Code: self._optimizer_step_flag is True every 4th step. GA = 4

def _fp16_backwards(self,loss):

    self.logger.debug(f'loss scale = {_amp_state.loss_scalers[0].loss_scale()}, loss = {loss.item()}')

    with amp.scale_loss(loss,self.optimizer, delay_unscale= not self._optimizer_step_flag) as scaled_loss:

        self.logger.debug(f'scaled loss = {scaled_loss.item()}')

        scaled_loss.backward()

    # Clip gradients only when optimizer is about to step. Fixes divergence issue. 

    # TODO: patch _optimize and move code there.

    # TODO: clip grads for non FP16 training also

    if self._optimizer_step_flag:

        print(f'optimizer norm = {get_norm(amp.master_params(self.optimizer))}')

        print(f'model , optimizer max grad before clipping \

            {get_max_grad(self.model.parameters())}, {get_max_grad(amp.master_params(self.optimizer))}')

        torch.nn.utils.clip_grad_norm_(amp.master_params(self.optimizer), 1.0)

        print(f'model , optimizer max grad after clipping \

            {get_max_grad(self.model.parameters())}, {get_max_grad(amp.master_params(self.optimizer))}')

        print(f'max optimizer parameter : {max([torch.max(p).item() for p in amp.master_params(self.optimizer)])}')

krishansubudhi · February 21, 2020, 1:25am

Checked activation and loss.
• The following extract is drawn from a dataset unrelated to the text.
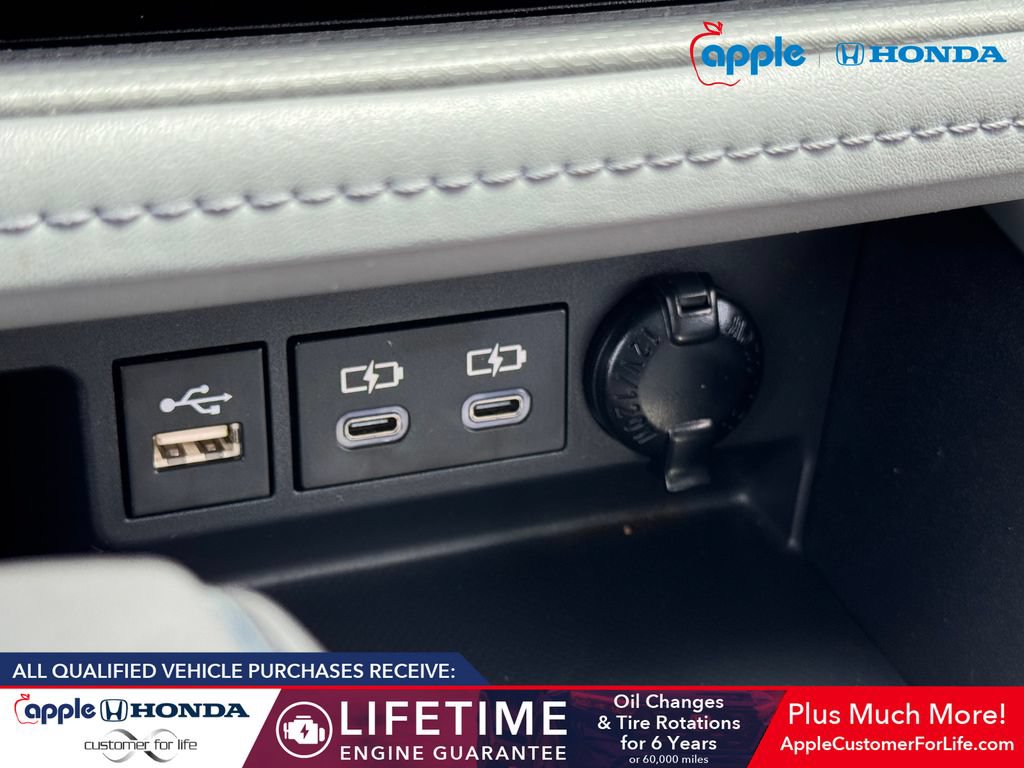 Used 2023 Toyota Highlander Limited AWD/4WD image 30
None of them are Nan or inf.

11118 · April 23, 2020, 9:35am

Hi, have you solved this problem? I met same error when training BERT with amp O2 after about 200k iterations and training XLM-R with amp O1 after about 10k iterations.

ptrblck · April 23, 2020, 9:47am

We recommend to try out torch.cuda.amp, which is shipped in the current master and the nightly binaries.
Have a look at this post for more information.

krishansubudhi · April 24, 2020, 1:00am

I got the same error with torch.cuda.amp too. If you are using huggungface Bert or xlm models, remove the Pooler layer from the optimizer. That solved the issue for us in O2.

111429 · April 2, 2021, 2:53pm

Hello, I have the similar issue. I use huggingface Bart. What does it mean “remove the Pooler layer from the optimizer”?Thank you.